REQUIRED ACTION.
The answer must be a single number: how many lines of the records below hold the word "Shirt".

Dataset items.
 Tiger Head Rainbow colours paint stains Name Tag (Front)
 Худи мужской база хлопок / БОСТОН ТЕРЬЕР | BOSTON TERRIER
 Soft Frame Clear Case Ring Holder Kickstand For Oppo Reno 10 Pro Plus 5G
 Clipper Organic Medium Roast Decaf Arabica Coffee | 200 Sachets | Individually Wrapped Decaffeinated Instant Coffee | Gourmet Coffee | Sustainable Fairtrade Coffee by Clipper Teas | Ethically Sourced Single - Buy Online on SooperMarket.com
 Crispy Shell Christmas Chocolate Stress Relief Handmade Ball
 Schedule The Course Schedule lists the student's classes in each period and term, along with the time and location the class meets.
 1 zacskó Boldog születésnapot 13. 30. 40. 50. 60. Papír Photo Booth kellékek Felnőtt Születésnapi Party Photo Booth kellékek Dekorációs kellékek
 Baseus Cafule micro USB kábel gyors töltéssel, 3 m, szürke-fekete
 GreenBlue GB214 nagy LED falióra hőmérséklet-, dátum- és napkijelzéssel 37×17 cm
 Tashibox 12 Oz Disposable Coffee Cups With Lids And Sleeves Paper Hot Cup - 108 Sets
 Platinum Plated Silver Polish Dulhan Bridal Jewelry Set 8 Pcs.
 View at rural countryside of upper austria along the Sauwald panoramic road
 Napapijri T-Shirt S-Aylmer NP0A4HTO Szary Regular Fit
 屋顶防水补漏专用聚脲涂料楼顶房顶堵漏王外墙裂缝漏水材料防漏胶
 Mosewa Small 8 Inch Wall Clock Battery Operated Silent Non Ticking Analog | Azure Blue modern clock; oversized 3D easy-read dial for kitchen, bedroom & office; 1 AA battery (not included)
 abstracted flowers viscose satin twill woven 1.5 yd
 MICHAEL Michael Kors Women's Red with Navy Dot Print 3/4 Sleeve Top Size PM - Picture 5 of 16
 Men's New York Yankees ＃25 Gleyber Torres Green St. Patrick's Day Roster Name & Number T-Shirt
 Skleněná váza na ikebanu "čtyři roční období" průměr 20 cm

SOLUTION BELOW.
2